BEGIN Data provided
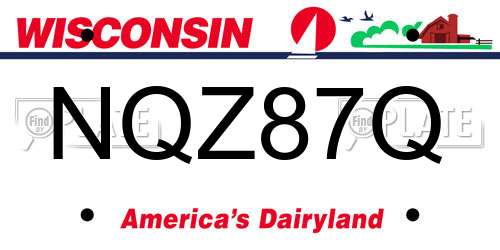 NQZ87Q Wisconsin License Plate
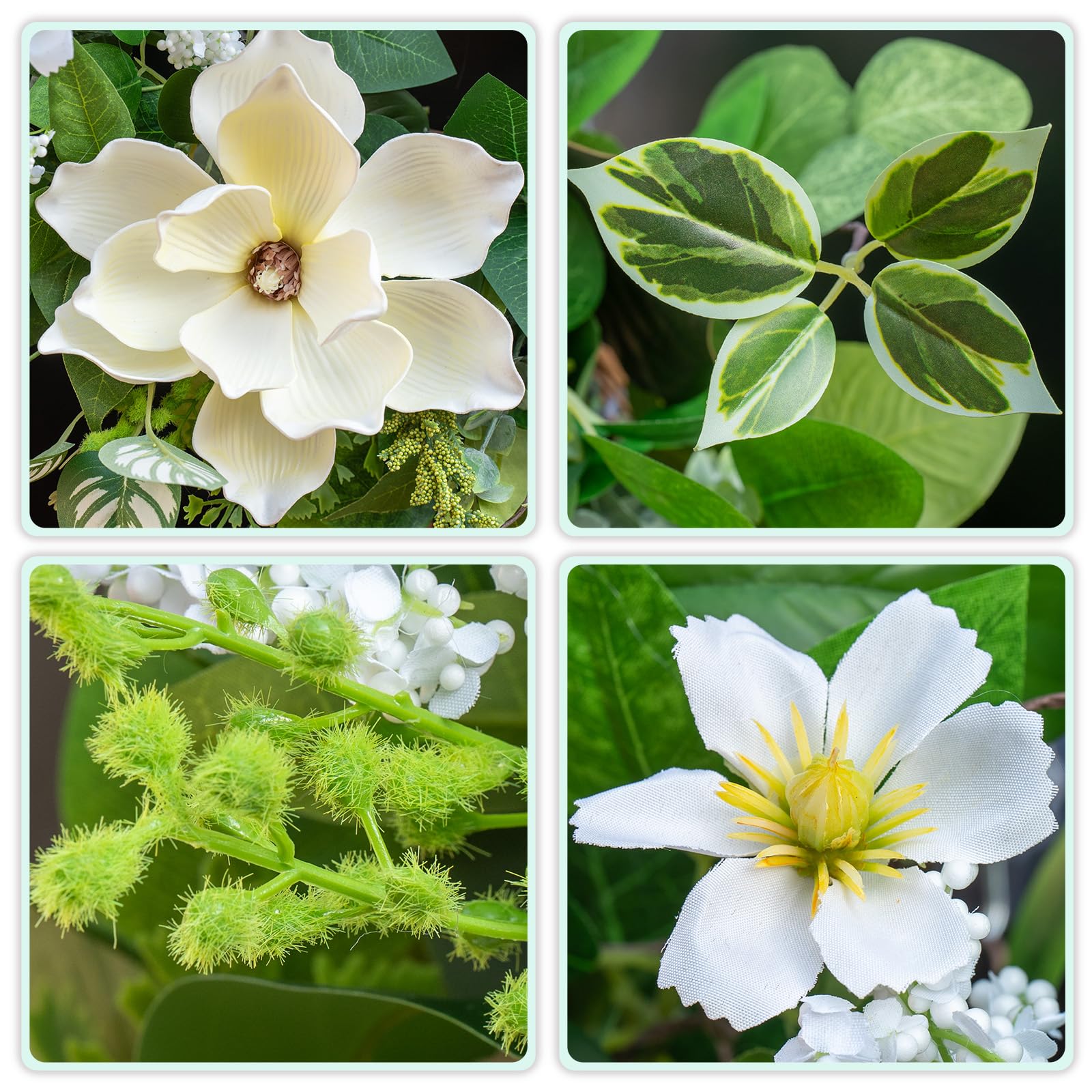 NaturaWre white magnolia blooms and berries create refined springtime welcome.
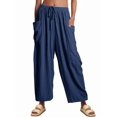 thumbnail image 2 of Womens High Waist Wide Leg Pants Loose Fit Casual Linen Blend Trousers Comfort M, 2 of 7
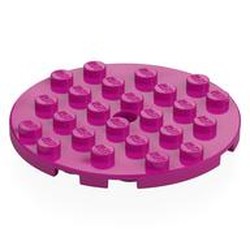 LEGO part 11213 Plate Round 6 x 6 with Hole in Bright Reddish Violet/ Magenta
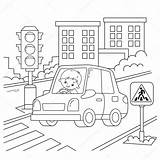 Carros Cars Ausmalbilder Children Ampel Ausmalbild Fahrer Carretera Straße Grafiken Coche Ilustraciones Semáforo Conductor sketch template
END Data provided
Return the material exactly as written, except for any pictures it holds.

 NQZ87Q Wisconsin License Plate
 NaturaWre white magnolia blooms and berries create refined springtime welcome.
 thumbnail image 2 of Womens High Waist Wide Leg Pants Loose Fit Casual Linen Blend Trousers Comfort M, 2 of 7
 LEGO part 11213 Plate Round 6 x 6 with Hole in Bright Reddish Violet/ Magenta
 Carros Cars Ausmalbilder Children Ampel Ausmalbild Fahrer Carretera Straße Grafiken Coche Ilustraciones Semáforo Conductor sketch template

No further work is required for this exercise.